Data to examine below:

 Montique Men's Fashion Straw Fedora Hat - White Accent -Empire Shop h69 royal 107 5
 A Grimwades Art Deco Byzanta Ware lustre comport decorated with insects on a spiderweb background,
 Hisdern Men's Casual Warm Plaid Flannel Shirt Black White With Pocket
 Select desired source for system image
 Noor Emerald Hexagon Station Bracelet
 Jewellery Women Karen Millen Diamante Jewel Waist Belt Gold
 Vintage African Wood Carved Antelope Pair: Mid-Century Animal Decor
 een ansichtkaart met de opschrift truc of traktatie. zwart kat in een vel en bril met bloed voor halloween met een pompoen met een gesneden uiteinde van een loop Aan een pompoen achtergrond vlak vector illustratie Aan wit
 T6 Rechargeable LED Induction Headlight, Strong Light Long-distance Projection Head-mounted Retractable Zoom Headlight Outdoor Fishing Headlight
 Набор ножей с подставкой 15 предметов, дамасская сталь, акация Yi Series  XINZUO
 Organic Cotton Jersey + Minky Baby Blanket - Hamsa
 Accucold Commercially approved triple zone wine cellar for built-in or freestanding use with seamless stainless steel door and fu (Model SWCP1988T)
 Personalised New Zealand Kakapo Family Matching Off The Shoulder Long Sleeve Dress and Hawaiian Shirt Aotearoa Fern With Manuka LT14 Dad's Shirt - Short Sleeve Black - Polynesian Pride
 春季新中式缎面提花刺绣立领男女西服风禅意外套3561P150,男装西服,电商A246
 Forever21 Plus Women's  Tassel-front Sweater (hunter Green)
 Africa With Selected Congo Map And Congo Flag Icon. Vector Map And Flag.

End of Data to examine.

→ **Task description**:
List the lines of the material in which the word "Black" occurs.

→ **Exercise solution**:
 Hisdern Men's Casual Warm Plaid Flannel Shirt Black White With Pocket
 Personalised New Zealand Kakapo Family Matching Off The Shoulder Long Sleeve Dress and Hawaiian Shirt Aotearoa Fern With Manuka LT14 Dad's Shirt - Short Sleeve Black - Polynesian Pride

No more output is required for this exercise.